Der deutsche Autor Horst Eckert ist für mich ein Garant für packende und hochaktuelle Polit-Thriller. Er konnte mich schon mehrfach begeistern, so dass ich mit viel Vorfreude und einer gewissen Erwartungshaltung in sein neues Werk gestartet bin. Er erzählt die Geschichte in seinem gewohnt temperamentvollen und flüssig zu lesenden Schreibstil, der mich nach wenigen Seiten bereits in den Bann ziehen konnte. Dabei arbeitet Horst Eckert mit vielen kurzen Kapiteln, die mit ihren jeweiligen Perspektivwechseln das Tempo des Thrillers noch weiter anstacheln. Der Spannungsbogen wird mit dem mysteriösen Einbruch sehr gut aufgebaut und über den sich daraus entwickelnden Geschehnissen auf einem aus meiner Sicht hohen Niveau gehalten. Sehr gut gefallen hat mir der Bezug zu aktuellen politischen Themen im eigenen Land, wie in diesem Fall der Zusammenbruch der Koalition und dem Ringen um die Macht im Land.
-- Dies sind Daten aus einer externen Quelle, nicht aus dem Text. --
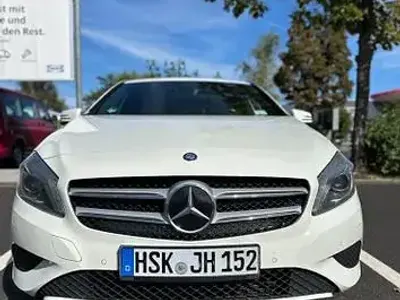 Gebraucht Mercedes A200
Das Ganze konnte mich bis zum fulminanten Finale, welches für mich fast ein wenig plötzlich daherkam, fesseln.
Insgesamt reiht sich "Die Praktikantin" für mich nahtlos in die Liste hervorragend recherchierter und packender Polt-Thriller aus der Feder von Horst Eckert ein. Es gelingt ihm mal wieder die aktuelle Brisanz in der Politk zum Thema einer spannenden Geschichte zu machen und so den Leser aufgrund der erschreckend realistischen Darstellung zum Nachdenken anzuregen. Von mir gibt es dafür eine klare Leseempfehlung und natürlich die vollen fünf von fünf Sternen.